I think it is going to make a major impact in the majority of triple-positive women and, probably, the subtyping should probably be routinely done on those patients who are triple-positive. This is to see if they are that luminal subtype, because they really need the pertuzumab/trastuzumab combination, even if it is in the adjuvant setting. I think this will have a major impact on women with HER2 disease.We are planning on following these patients for 5 years and beyond. We are going to determine if these pCRs translate into survival; there is still some debate about that. We have some ongoing studies looking at the luminal subtypes. There are some that don’t really respond well with chemotherapy, but some do and so we want to tease out the luminal subtypes that are responding. Perhaps, there is a signature we can find to determine the luminal patients who need chemotherapy, because the vast majority does not.

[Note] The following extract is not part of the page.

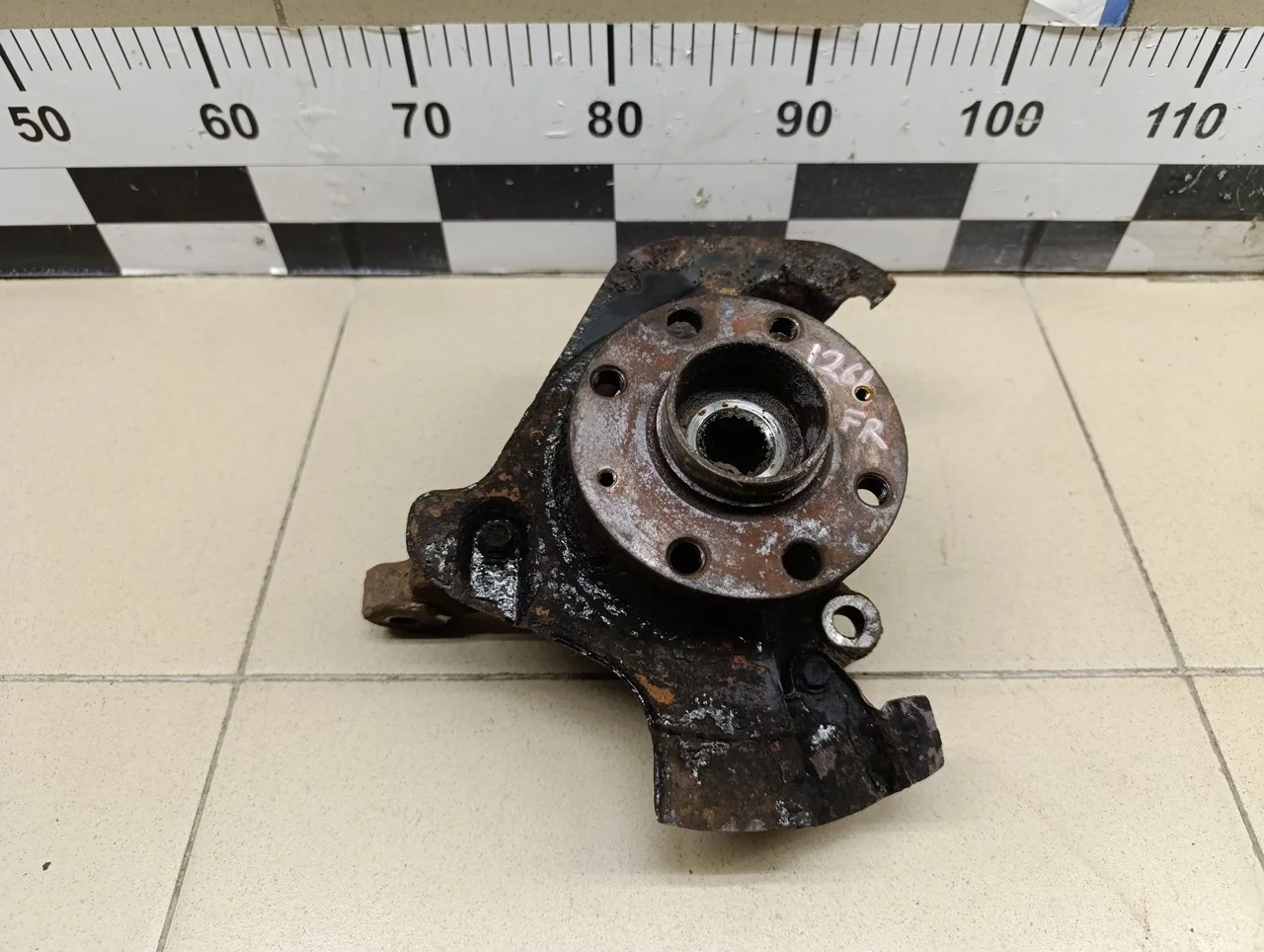 Кулак поворотный передний правый Corsa D 2006-2015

We are probably planning on doing an NBRST “2” study to look at the low-risk group and see if they don’t need therapy beyond surgery—not even endocrine therapy. They are at such a low risk for recurrence. We will tease out the higher-risk groups that are basal. It is probably a heterogeneous group of patients, so we will try to split those up and see exactly what therapy might be directed at one of those basal subtypes.We have always conducted clinical trials of huge groups of patients with thousands of people in each arm, but not really subtyping them down into individual groups. When you do those big studies, you can get statistical significance because your groups are so big.
However, the reality is: breast cancer is not breast cancer. Breast cancer is tens or maybe hundreds of different kinds of breast cancer, and we need to push them out into groups with more targeted therapies. Some patients may not need very much therapy at all to be cured of their cancer. Some may need a lot or some may need a target that we can tease out, find, and deliver a therapy with lower toxicities and improve survival. That is the name of the game: individualizing therapy for the patient. There is no question. There are both ends of the spectrum where we definitely need to treat some patients with chemotherapy more aggressively, but we better nail down their subtype correctly.
Then, there is the other group that does not really need chemotherapy. Once we subtype them appropriately, then we can decrease the amount of toxicity from chemotherapy, and perhaps they end up just needing endocrine therapy. Perhaps, they just need surgery. I think it is going to help give targeted therapy—an appropriate therapy—to the people who need it. It is personalized medicine, and we are getting there.
Beitsch P, Whitworth P, Baron P, et al. One-third of HER2 positive patients have 80-gene luminal subtype that is resistant to chemo-trastuzumab but sensitive to chemo-trastuzumab-pertuzumab: Critical implications for the adjuvant setting from the NBRST phase 4 neoadjuvant study. Presented at the 2015 San Antonio Breast Cancer Symposium; San Antonio, TX; December 8-12, 2015. Abstract P4-14-29.